**Data for processing**
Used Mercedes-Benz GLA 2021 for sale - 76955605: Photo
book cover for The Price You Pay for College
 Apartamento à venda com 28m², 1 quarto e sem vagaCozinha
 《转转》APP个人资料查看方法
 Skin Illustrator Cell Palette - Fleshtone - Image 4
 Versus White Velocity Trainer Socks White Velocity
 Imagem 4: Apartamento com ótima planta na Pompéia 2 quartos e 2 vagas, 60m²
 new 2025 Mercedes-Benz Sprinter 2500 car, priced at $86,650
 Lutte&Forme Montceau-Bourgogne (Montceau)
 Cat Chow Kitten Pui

**Required action**
The response should consist only of the lines from the one containing "Skin Illustrator Cell" to the end of the material above, both included.

**Answer box**
 Skin Illustrator Cell Palette - Fleshtone - Image 4
 Versus White Velocity Trainer Socks White Velocity
 Imagem 4: Apartamento com ótima planta na Pompéia 2 quartos e 2 vagas, 60m²
 new 2025 Mercedes-Benz Sprinter 2500 car, priced at $86,650
 Lutte&Forme Montceau-Bourgogne (Montceau)
 Cat Chow Kitten Pui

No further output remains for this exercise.